▶ [TASK REQUIREMENTS]:
Copy the records below in full, keeping each word as it is but omitting the pictures.

· · · · ·

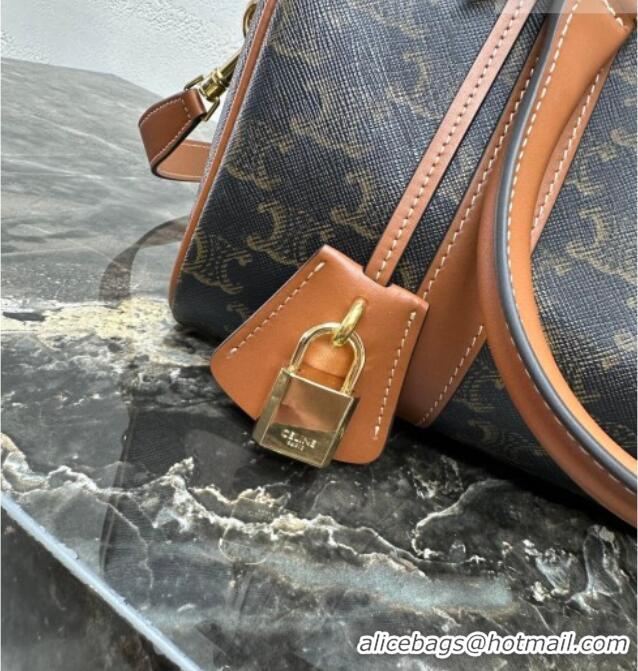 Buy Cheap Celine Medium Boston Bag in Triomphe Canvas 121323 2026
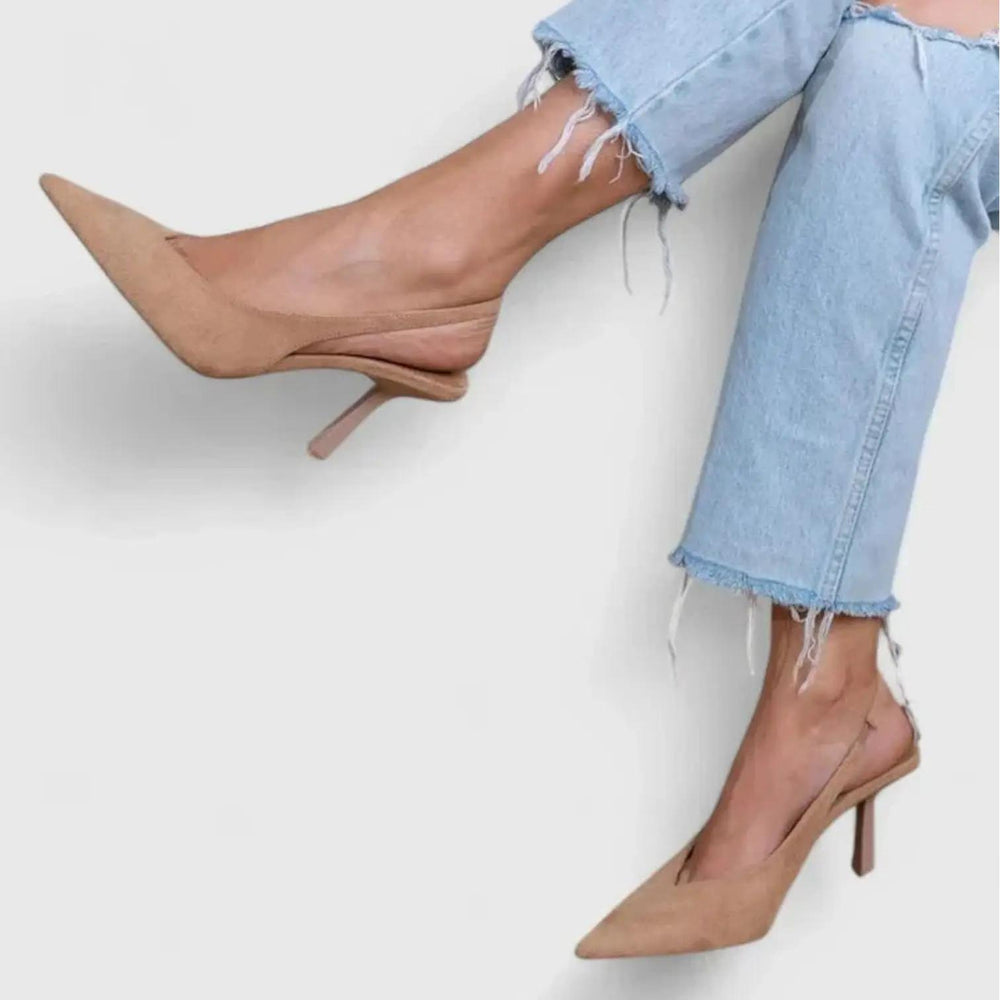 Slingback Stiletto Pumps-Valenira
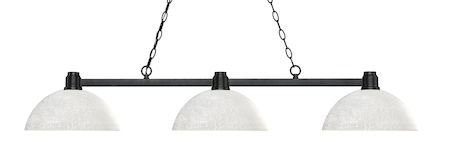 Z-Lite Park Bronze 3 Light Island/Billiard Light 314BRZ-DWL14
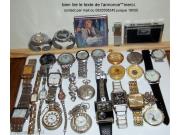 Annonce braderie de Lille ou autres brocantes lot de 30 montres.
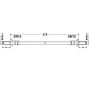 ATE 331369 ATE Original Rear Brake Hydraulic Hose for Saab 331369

· · · · ·

▶ [SOLUTION TO THE PROBLEM]:
 Buy Cheap Celine Medium Boston Bag in Triomphe Canvas 121323 2026
 Slingback Stiletto Pumps-Valenira
 Z-Lite Park Bronze 3 Light Island/Billiard Light 314BRZ-DWL14
 Annonce braderie de Lille ou autres brocantes lot de 30 montres.
 ATE 331369 ATE Original Rear Brake Hydraulic Hose for Saab 331369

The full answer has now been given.